季桉不为所动,“你自己什么水平,有点数行吗?”
“那你放心我们自己拍啊?”
“有什么不放心的,你们加油!”季桉给自己开了袋茶,拍了拍孙嘉哲的肩膀。
孙嘉哲磨了半天也不见季桉松口,叹了口气干活去了。
温卿时来的时候就看见孙嘉哲一步三回头,问了声:“怎么了?”
孙嘉哲也就是在装可怜,见老板来了马上恢复正常,“老大你来了!没事,我去拍摄了。”说完就蹦出去了。
“师兄!”温卿时来得刚刚好,水刚烧开。季桉取了个杯子烫了下,给温卿时倒了杯。
“不是说要去见朋友?怎么这么早就过来了。”原本温卿时要去谈事的,但是这个点显而易见是还没去。
“他早上有事,晚点直接来场地。
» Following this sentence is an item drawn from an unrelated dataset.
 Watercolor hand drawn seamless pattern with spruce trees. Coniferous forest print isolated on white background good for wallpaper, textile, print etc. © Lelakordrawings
”温卿时端起茶杯轻啜了一口,“老师的茶?”
季桉冲温卿时竖起拇指,“哈哈,就是季大夫的,我走的时候给顺了一罐走。说起来这个茶估计应该是你过年前送的。”
温卿时带了点笑:“要是老师知道了得骂你。”
季大夫烟酒不沾,就喜欢喝点茶。但是这个爱好少有人知道,藏着掖着就怕学生知道了来送礼。季大夫一生清廉,除了散装水果,从来不收人东西。有时候散装水果买多了走的时候都得让人拎走。
但是温卿时是个例外,他知道他老师的爱好,每次都有理由把东西留下。季大夫当他是半个儿子,家人之间有些原则就没有那么坚定。
但是每次家里有好茶的时候,只要季桉碰巧在家就得顺点走。逗着季大夫专门打电话骂他,然后季桉又给补上,每每如此。
这不,温卿时话音刚落,季桉电话就响了。
季桉掏出手机一看,给温卿时展示了下来电人,乐了:“哟,说不得,估计打电话来骂人了。”
说完笑着接起电话:“季大夫早上好啊!”
“好个屁,兔崽子你是不是又把我茶叶顺走了?我刚看少了一罐。”季大夫翻了半天柜子没找到,在电话那头大声指责。
“大早上的,季大夫不要这么大火气。”季桉继续供火:“你柜子里那么多呢,我就拿了一罐。”
果不其然,季大夫声音更大了:“屁,你年前的时候还拿了一盒走。”
好像是有这么回事,年前的时候季桉约了苏清河他们吃饭,顺手在柜子里面拿了盒走,后面忘了补上了。
“季大夫要文明!”季桉笑着补充说:“我一起给你补上,今天就发货,应该这两天就到了。”
季大夫哼了一声,把电话挂了。
“这小老头,挂挺快!”季桉取笑。
温卿时见证了非常多次这样的场面,丝毫不担心季桉,“你就是单纯找骂。”
季桉也习惯了,丝毫没有放在心上,“多有趣啊,你很久没见过这样暴跳如雷的季老师了吧。”季大夫这两年因为身体原因有半退的意思,但是小老头一辈子都在教书育人、救死扶伤,临了还是有点不习惯,所以季桉才会经常逗他,让他转移下注意力。
温卿时一直都是季大夫的得意门生,除了退学那年,确实是只能在季桉这里能感受到他老师的鲜活。
季桉快速把提前加入购物车的茶叶下单,然后截图给季大夫发了过去。